A part of me is rather taken with the idea. I mean, if it’s your PC and you’re snowed under with work and can’t get online, then you probably won’t be very impressed, but as a measure to potentially “cure” the internet, this sounds quite interesting.

In Scott Charney’s blog post: The need for global collective defense on the Internet, he talked about how there is not really much action on the viral front and that there has to be a way of tackling cyber threats in the future.

I agree, the loss to business and to valuable information – both in business and in personal spheres – is astronomical. Personally I would like to see the idiots who make these viruses grow up and go away, but that’s not going to happen is it?

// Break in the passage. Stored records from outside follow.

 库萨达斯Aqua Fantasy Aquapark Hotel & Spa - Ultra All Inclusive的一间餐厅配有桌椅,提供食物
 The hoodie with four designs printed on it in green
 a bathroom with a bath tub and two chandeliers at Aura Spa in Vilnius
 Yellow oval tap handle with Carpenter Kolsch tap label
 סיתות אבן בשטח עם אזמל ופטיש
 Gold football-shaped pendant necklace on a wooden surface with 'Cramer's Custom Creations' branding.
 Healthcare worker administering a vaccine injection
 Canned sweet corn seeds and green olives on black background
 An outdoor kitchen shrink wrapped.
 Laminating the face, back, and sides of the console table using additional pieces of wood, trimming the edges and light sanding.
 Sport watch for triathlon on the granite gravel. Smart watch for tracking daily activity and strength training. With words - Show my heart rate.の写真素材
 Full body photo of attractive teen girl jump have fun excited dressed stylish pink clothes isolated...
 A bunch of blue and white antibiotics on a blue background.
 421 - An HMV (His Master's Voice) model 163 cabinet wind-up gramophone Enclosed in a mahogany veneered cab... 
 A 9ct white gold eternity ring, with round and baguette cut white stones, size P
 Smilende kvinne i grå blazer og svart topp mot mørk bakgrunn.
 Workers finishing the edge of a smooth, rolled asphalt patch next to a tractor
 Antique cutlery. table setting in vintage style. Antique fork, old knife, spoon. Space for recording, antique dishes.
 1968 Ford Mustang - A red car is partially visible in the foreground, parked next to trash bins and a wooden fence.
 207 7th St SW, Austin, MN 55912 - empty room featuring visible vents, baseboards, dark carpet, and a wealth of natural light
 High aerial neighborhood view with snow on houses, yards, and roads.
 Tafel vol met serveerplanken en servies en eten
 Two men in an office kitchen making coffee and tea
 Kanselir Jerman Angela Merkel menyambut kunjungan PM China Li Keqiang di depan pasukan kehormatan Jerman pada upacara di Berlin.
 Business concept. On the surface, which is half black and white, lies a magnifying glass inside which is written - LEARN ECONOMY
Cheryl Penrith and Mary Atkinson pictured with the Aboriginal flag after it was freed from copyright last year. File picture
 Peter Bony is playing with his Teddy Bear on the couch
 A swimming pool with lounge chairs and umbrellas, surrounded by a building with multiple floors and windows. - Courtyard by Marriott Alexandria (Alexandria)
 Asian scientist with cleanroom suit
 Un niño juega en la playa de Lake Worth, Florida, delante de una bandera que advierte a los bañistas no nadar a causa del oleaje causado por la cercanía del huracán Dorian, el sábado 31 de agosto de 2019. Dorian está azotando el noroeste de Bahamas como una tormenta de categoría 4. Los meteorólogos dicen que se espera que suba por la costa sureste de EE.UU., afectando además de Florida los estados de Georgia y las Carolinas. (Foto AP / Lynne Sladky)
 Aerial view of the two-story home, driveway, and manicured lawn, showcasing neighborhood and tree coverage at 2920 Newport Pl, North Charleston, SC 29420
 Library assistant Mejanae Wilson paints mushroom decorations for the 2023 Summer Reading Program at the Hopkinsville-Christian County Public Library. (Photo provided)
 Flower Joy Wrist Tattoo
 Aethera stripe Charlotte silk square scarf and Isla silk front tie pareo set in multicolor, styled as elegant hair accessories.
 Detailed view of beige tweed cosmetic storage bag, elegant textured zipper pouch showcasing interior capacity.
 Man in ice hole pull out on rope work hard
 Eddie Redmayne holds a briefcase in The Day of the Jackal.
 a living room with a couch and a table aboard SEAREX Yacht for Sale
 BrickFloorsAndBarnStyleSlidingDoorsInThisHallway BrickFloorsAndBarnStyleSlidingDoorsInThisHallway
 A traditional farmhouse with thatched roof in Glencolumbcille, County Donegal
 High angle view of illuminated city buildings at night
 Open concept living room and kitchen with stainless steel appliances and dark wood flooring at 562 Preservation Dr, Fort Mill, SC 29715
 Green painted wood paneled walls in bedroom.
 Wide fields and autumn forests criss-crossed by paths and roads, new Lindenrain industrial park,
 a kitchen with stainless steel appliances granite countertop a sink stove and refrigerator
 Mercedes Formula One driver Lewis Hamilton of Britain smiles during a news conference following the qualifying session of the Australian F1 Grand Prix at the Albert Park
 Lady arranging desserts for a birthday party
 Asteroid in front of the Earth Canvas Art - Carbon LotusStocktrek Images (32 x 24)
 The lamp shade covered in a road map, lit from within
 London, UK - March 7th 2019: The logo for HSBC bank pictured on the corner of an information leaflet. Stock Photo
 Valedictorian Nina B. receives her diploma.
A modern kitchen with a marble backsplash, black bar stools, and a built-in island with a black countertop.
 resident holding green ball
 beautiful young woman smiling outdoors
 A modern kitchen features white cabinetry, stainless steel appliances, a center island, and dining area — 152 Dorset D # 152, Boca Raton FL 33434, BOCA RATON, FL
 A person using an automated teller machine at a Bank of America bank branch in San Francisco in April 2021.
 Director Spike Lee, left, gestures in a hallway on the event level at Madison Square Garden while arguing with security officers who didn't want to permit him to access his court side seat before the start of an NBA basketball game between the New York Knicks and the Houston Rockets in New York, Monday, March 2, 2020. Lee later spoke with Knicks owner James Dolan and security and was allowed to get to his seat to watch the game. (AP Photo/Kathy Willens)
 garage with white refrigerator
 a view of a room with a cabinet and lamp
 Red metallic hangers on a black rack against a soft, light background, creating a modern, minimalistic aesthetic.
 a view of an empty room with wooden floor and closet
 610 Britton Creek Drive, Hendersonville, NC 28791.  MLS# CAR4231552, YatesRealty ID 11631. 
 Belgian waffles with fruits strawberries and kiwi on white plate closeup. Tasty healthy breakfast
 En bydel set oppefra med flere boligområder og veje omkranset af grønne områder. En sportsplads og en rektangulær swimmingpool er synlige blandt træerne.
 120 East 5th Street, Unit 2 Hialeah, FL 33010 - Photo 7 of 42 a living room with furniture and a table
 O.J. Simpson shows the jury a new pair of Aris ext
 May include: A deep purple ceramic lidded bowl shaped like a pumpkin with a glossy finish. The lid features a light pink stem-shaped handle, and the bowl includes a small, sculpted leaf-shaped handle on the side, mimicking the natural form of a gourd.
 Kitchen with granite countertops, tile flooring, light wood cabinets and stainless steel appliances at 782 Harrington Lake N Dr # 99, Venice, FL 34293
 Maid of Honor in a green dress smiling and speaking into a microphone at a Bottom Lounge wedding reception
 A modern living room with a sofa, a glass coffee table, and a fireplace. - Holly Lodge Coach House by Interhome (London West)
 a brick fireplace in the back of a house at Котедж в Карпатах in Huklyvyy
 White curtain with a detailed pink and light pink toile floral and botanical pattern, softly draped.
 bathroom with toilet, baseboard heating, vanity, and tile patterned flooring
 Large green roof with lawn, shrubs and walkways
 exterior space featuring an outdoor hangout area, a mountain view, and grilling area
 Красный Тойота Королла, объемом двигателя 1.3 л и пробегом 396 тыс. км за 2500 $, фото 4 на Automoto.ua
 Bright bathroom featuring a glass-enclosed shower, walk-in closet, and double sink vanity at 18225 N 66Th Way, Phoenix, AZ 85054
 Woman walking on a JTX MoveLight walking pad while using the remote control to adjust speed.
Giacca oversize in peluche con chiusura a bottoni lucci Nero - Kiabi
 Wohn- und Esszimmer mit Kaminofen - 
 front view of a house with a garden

The entire cybercriminal network is vast and profilic, with thousands of consumer computers “recruited” into doing their dirty work thanks to clever phishing and malware attacks. People often don’t even know that their machines are helping to cause mayhem across the web.

What Scott suggests is that computers are all given ‘health certificates” to prove that they are unaffected before they are allowed to connect to the internet. This way, he says, “such health checks should ensure that software patches are applied, a firewall is installed and configured correctly, an antivirus program with current signatures is running, and the machine is not currently infected with any malware.”

This idea is good in theory but perhaps practise won’t be so easy? What about the people who’s computers have just been beaten off the net like scraggly dogs? They can’t get online so they won’t be able to download patches, install the latest signatures and so forth.

Sure, they can amble on over to the nearest store to buy a hard copy of a good protection programme but the computer will still need internet access to get started.

In some countries, like Japan, France and Australia, there are initiatives developed by ISPs that aim to contact users and get them the software they need to prevent further infections. These initiatives all differ but the idea is good. If you know that the email warning you of infection is coming from your ISP, a trusted source, then you are less likely to think its canny spam.

So, what do you think? Should there be national health style quarantines in place so infected machines are locked out of the web? Or is this yet another pipe dream to combat a growing issue?